Coppa Italia: Third Round / Team rating: 5 / Top scorer: Pinilla (7)
Relocation controversy, ownership issues and the loss of key players midseason threatened to derail years of hard work in only a few months, but a late show of solidarity presented a welcome end to a tempestuous campaign, writes Livio Caferoglu.
Even before a ball had been kicked in 2013-14, Cagliari’s problems were already beginning to simmer. Picking up from where the previous season had left off, the Rossoblu were left with no choice but to temporarily continuing playing home matches in Trieste, some 665 miles away from the Sardinian capital.
Meanwhile, Massimo Cellino seemed to be more interested in completing his takeover of Leeds United than concentrating on his first love, but he sent out an early signal of intent by retaining Michael Agazzi, Radja Nainggolan and Davide Astori for at least a few more months.
On the pitch, Cagliari were forced to begin the new campaign with the humiliation of shock giant-killing defeat to Lega Pro outfit Frosinone, albeit in the last minute of extra time, but they quickly bounced back to winning ways by kicking off the new Serie A term with a 2-1 victory over Atalanta.
The squad’s experienced spine carried Diego Lopez and his troops through the first half of the season, and with their lack of firepower in attack successfully swept under the carpet, their ability to grind out results allowed them to stay adrift without ever truly excelling.
A run of three consecutive defeats between October and November threatened to drag Cagliari into the relegation scrap, before an unbeaten run of seven matches, including two last-gasp wins against Genoa and Torino, propelled the team into mid-table.

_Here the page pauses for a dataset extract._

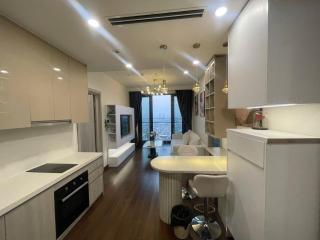 Hommit Masteri Tòa A - Căn hộ 2 phòng ngủ view hồ, máy chiếu - 3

Beset by financial problems, Cagliari were unable to offer goalkeeper Agazzi a new contract, and he was frozen out of the side in the weeks leading up to his switch to League rivals Chievo in January. Worse yet, they would end the season without their midfield dynamo, as Nainggolan made the switch to Roma.
The side won just twice more under Lopez’s charge, and previous boss Ivo Pulga was reinstated in April – two months after being dismissed from his role as assistant Coach. Fortunately for the Sardinians, two crucial victories ensued to secure their top-tier status for another year.
Former Uruguay defender Diego Lopez was fast-tracked into the position in July 2013 but became the 36th coaching change of Cellino’s reign, with the Sardinians sliding into freefall. His predecessor returned in April and had a galvanising effect on the club’s fortunes, as he guided them to safety.
Not a day goes by without the centre-back’s future being splashed across the back pages, but his performances this season suggest that a big move awaits him. Although surprisingly not named in Italy’s World Cup squad, his loyalty and dependability over 38 games, demonstrated by his five man-of-the-match awards, means that he is Cagliari’s Player of the Year by a considerable margin.
- Cagliari won the joint-lowest number of matches out of the 17 teams that ultimately preserved their top-flight status, as well as the joint-lowest number of goals scored.
- They emerged victorious just once on their travels all season – an unwanted statistic shared only by relegated Catania.
- The Rossoblu registered Serie A’s worst home attendance during 2013-14, a result of the early-season trips to Trieste followed by only a partial reopening of stands at the Sant’Elia.